【韓国司法修習生日本研修感想文】
感想文1
林在仁(イムジェイン)
日本の環境紛争訴訟を学ぶために行われた2007年7月2日から11日までの日本研修日程は私に環境問題に対する関心と注意を再び喚起させてくれる契機になった。
日本研修日程は日本に到着して最初の日に諌早湾干拓事業に対する講演を聞くことから始まった。2日目は諌早湾干拓事業の現場を訪問したが,どういう目的でこのような事業が行われたのかが理解できなかった。

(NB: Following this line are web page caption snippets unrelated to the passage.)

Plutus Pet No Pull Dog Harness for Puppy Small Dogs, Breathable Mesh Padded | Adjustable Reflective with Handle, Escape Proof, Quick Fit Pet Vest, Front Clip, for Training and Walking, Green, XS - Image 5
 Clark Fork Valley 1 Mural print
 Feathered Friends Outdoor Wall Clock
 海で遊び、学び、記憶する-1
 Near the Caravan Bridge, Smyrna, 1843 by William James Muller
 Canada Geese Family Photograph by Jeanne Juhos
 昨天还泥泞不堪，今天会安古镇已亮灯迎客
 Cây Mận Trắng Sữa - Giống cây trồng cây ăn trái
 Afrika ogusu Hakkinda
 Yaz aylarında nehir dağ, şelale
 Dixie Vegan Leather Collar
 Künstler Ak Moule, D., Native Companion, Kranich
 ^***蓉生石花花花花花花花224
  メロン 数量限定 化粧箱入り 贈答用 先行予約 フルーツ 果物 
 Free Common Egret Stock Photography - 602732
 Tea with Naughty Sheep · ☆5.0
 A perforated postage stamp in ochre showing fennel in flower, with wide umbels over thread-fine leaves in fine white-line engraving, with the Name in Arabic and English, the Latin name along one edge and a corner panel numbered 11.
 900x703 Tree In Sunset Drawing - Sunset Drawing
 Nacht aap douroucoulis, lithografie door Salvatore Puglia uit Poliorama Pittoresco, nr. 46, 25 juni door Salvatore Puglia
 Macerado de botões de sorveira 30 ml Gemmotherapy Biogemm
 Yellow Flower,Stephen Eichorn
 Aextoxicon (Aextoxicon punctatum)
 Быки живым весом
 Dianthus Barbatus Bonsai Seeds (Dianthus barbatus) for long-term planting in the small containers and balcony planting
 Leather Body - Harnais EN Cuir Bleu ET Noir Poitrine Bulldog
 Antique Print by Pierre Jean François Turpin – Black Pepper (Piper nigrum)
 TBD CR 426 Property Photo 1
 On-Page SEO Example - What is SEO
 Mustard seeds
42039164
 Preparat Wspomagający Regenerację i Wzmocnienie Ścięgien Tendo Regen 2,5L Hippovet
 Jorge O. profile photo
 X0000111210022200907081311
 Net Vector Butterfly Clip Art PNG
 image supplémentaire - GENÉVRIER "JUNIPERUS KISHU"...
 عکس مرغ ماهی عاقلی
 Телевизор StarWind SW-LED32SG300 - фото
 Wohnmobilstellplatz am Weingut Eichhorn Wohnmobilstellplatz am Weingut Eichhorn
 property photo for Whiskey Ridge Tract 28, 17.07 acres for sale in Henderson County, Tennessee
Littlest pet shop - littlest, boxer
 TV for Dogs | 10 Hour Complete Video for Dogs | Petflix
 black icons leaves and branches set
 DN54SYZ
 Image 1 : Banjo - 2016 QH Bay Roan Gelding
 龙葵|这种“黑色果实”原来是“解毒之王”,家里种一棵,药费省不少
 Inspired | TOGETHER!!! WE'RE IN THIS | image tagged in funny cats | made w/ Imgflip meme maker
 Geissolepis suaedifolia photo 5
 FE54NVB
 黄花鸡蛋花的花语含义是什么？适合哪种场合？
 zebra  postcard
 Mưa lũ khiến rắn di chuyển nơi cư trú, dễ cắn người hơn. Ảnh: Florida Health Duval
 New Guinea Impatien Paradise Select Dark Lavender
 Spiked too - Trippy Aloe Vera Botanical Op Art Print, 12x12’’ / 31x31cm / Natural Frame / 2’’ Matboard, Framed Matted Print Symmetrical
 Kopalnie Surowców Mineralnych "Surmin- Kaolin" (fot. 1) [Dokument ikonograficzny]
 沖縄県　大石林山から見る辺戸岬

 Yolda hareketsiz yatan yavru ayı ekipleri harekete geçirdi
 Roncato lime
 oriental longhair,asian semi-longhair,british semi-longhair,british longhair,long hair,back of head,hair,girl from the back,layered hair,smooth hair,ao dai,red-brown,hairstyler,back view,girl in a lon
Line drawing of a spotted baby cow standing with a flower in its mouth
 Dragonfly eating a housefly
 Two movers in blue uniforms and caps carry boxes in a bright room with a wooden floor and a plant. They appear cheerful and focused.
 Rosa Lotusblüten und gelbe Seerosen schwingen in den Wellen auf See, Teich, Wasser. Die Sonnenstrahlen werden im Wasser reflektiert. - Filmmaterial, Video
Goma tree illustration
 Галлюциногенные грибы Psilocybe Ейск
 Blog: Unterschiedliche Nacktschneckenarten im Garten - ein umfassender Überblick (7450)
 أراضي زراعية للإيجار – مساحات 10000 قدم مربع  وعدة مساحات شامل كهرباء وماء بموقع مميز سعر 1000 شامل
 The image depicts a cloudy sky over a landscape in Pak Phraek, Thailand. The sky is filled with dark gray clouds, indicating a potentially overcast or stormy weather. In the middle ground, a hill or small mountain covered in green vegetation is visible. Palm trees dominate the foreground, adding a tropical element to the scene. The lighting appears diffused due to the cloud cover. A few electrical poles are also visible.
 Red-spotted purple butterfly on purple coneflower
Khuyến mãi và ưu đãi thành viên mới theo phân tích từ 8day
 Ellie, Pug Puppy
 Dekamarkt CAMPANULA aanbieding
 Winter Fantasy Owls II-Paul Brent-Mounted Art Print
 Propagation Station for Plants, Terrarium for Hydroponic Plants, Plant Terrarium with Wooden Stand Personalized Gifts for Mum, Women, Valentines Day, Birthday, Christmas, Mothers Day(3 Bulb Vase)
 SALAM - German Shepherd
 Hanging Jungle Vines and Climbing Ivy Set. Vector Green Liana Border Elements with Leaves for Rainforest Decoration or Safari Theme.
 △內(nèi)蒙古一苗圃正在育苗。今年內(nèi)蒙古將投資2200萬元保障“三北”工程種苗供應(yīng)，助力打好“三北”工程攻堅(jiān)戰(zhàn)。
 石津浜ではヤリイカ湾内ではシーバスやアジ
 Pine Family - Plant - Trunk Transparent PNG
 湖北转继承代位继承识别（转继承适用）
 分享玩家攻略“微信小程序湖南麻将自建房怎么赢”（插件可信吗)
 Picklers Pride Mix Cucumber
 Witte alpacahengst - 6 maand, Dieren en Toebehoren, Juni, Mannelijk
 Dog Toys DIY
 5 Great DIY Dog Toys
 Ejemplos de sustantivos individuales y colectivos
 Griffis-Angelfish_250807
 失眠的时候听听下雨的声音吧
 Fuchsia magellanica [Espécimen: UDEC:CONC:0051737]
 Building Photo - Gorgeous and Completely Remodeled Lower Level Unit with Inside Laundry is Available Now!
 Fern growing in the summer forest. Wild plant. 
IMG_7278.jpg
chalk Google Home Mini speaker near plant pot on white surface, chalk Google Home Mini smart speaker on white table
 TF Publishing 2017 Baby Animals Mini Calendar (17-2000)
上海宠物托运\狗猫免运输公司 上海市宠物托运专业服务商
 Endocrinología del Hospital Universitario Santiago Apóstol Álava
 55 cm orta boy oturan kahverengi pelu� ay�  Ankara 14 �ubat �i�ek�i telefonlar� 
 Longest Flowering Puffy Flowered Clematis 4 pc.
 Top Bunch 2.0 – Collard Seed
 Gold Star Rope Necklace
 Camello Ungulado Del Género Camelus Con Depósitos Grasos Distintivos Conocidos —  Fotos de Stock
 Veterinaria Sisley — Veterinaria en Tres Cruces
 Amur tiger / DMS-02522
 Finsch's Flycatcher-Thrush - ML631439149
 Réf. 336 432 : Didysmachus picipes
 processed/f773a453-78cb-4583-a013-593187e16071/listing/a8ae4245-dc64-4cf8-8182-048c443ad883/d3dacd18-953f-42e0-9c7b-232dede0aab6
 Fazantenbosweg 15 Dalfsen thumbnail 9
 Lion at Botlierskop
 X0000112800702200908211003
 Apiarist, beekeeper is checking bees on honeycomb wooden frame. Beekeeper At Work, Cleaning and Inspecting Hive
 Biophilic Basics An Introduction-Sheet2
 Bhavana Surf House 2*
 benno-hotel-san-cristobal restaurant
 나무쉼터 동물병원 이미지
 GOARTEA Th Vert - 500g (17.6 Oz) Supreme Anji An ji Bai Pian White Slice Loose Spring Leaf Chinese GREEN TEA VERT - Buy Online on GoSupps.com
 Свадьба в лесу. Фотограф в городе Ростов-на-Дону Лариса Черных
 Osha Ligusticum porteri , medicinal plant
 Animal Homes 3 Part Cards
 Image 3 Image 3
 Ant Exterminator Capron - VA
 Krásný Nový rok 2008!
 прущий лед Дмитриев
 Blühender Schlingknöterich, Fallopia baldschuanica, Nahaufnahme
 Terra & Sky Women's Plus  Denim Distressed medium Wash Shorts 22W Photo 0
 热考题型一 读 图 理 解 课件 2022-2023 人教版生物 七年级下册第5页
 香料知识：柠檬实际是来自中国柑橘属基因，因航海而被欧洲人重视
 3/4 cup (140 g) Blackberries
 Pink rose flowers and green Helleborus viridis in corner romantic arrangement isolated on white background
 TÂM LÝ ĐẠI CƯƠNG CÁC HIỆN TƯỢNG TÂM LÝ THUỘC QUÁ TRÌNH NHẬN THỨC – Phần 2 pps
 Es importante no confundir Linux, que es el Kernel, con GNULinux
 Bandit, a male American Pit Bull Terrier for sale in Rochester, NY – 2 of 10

政府側のこの干拓事業に対する説明は状況によって内容が変わるなど一貫性がまったくなかった。この干拓事業によって干潟が破壊され,数多い動植物が絶滅危機にあるという事実について聞きながら,人間によって無分別に自然が破壊される実状が哀れで,気の毒な気がした。特に,諌早湾干拓事業よりもっと大きい韓国のセマングム干拓事業はどれだけ広い干潟とそこに生息している動植物を破壊したのかと思うと恐ろしい上に腹が立った。
西淀川大気汚染地域の訪問と担当弁護士の講演を通じて過去の成長中心の政策が環境問題にどれだけ無知であったかを知ることができた。多くの工場から無防備に吹き出る煤煙がどれほど周辺環境と人間に弊害を及ぼしたのかを知ることができた。
泉南石綿被害地域の訪問と弁護団との懇談を通じて苦しくてすさまじかった我々の前の世代の実状を知ることができた。自分自身の体を蝕むという事実は知らず,単に食べて生きて行くために石綿工場で働いた彼らに対して国は何の責任もないのだろうか。石綿の危険性を知らせなかった国の職務放置を指摘すべきで,その被害者に補償もすべきである。
東京大気汚染訴訟に対する講演は日本研修日程の中で一番清々する内容であった。2007年7月中に自動車メーカーおよび国と和解をすると聞いている。この訴訟のためにがんばってきた弁護士と原告に敬意を示したい。
最後に横田米軍基地現場の訪問と弁護団との懇談会を通じて米軍基地および何の騒音防止対策も立てなかった国に対する怒りを抑えることができなかった。しかし,30年以上かけてこの訴訟を担当してきた中杉喜代司弁護士と原告を見て今後の希望を見出すことができたし,彼らの熱情と積極的な態度に大きな敬意を表する。韓国も米軍基地によって様々な弊害を受けているだけに彼らの苦しみが身近に感じられた。
このようにして日本研修日程は終了し,日本の環境紛争訴訟過程および実状を少なからず知ることができた。日本研修を通じて知り得た知識を基に今後の韓国で発生する環境紛争訴訟に積極的に参加したいと思う。開発でなく美しい環境が我々の未来を明るくしてくれるのは当然である。今まで環境問題に対する認識不足があったが,日本研修を通じて新しく自覚させてもらう契機になった。